There are many types of hats, caps, and other types head coverings that are worn for protection against elements, for ceremonial or religious reasons, for safety reasons, or for fashion, among other reasons. Retailers continue to search for changes in head coverings to increase customer interest.

What is needed is a system and method for increasing customer interest in head coverings.

BRIEF SUMMARY OF THE INVENTION

Disclosed is a system and method for increasing customer interest in head coverings. The following summary of the invention is provided to facilitate an understanding of some of technical features related to active head coverings with one or more moveable element, and is not intended to be a full description of the present invention. A full appreciation of the various aspects of the invention can be gained by taking the entire specification, claims, drawings, and abstract as a whole. The present invention is applicable to other styles of hats besides head coverings with side extension, to other types clothing, and to other types and methodologies of actuating mechanisms.

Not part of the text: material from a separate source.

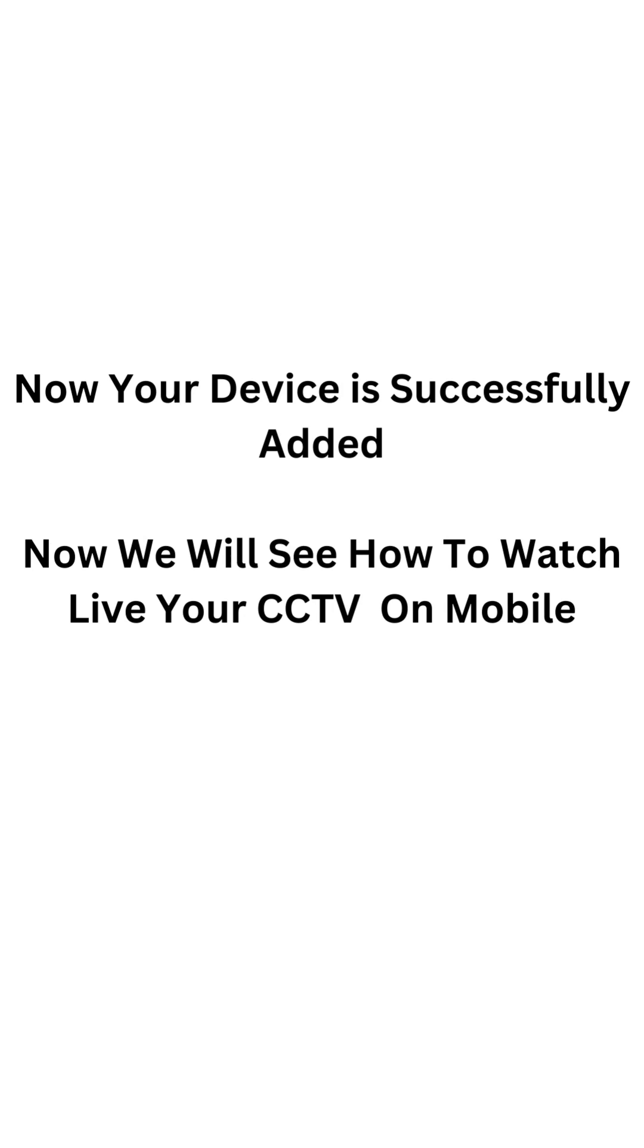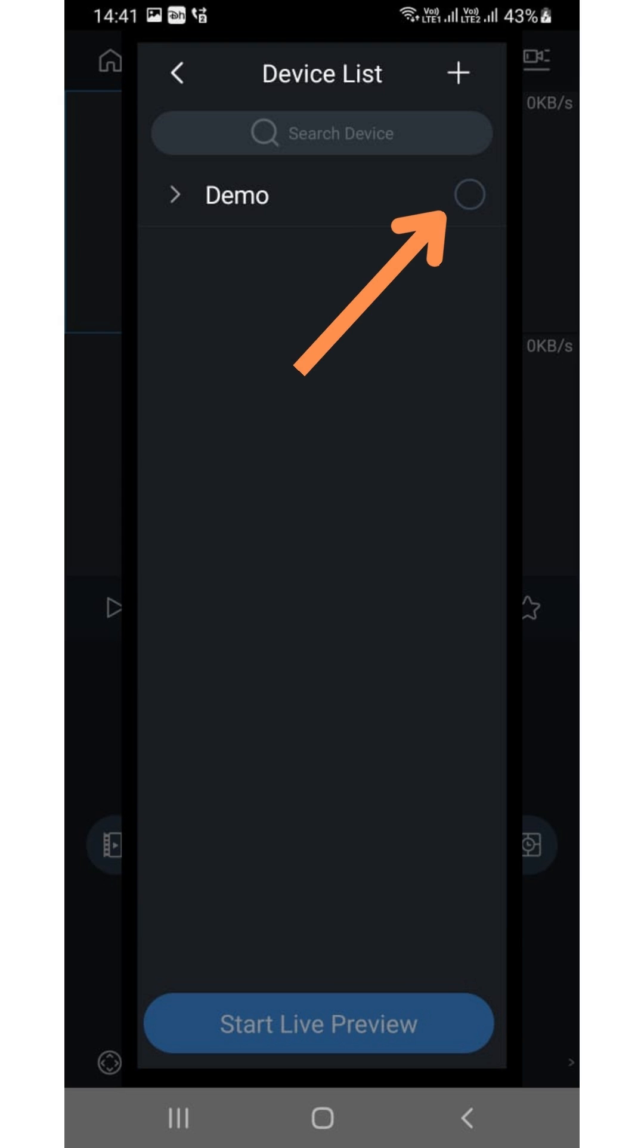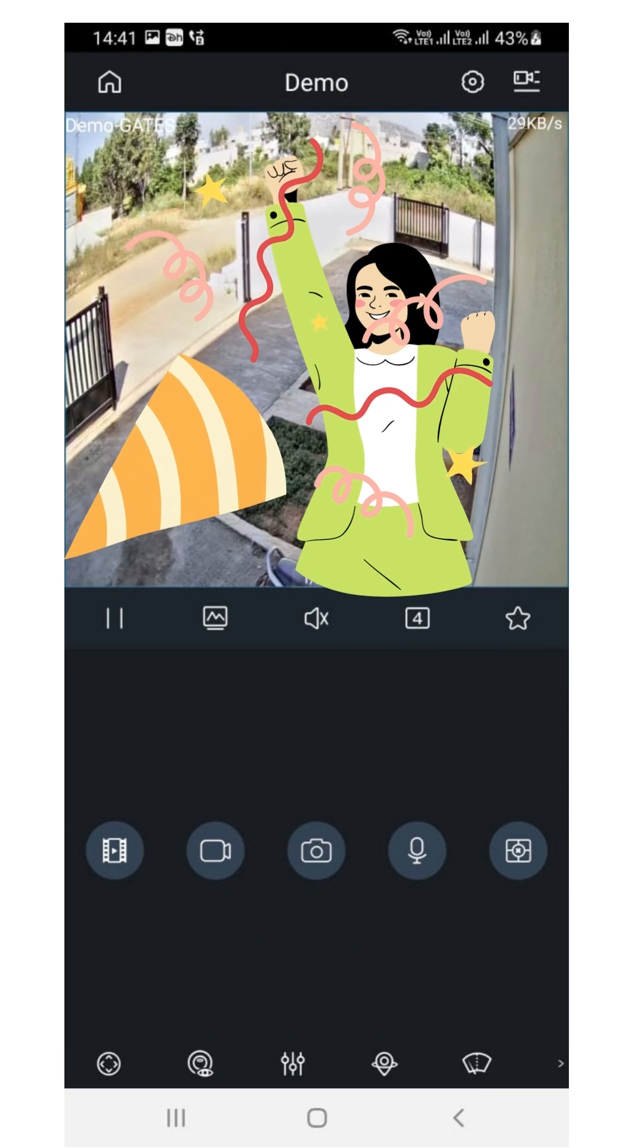Now we will see how to watch your CCTV live on mobile. Click on the top right corner video camera symbol. A device list will appear. Under that, select the device which we have added. Now click on the option Start Live View. Congratulations!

An active head covering, including a head portion having an outside layer, an inside layer coupled to the outside layer, and a head cavity defined therebetween, the outside layer defining at least one aperture, a first lateral portion and a second lateral portion opposite of the first lateral portion; a side extension portion extending downwardly from one of the lateral portions, the side extension portion defining a side extension cavity communicated to the head cavity and a terminal portion having a terminal portion cavity; and an actuator assembly, including: a first actuating mechanism disposed within the terminal portion, the first actuating mechanism having a bulb defining a first actuating volume containing a first quantity of air, the bulb repeatably collapsible to expel a portion of the first quantity of air through a first actuating port of the bulb, the bulb automatically expanding to refill the first actuating volume; a first remote actuator having a pair of flexible layers sealed to form a non-deformable actuating balloon defining a second actuating volume accessible through a second actuating port, the first remote actuator having a fixed portion foldably coupled to a moving portion at a fold region with the moving portion at least partially overlapping the fixed portion defining a folded configuration, the fixed portion disposed inside the head cavity with the fold region and the moving portion both disposed outside of the cavity portion, the first remote actuator unfolding about the fold region from the folded configuration in response to air entering into the second actuating volume with the moving portion moving away from the fixed portion and the first remote actuator folding about the fold region in response to air exiting from the second actuating volume, the first remote actuator biased to the folded configuration; and an air communication channel disposed within the terminal portion cavity and the head cavity and coupled to the first actuating port of the first actuating mechanism and to the second actuating port of the first remote actuator.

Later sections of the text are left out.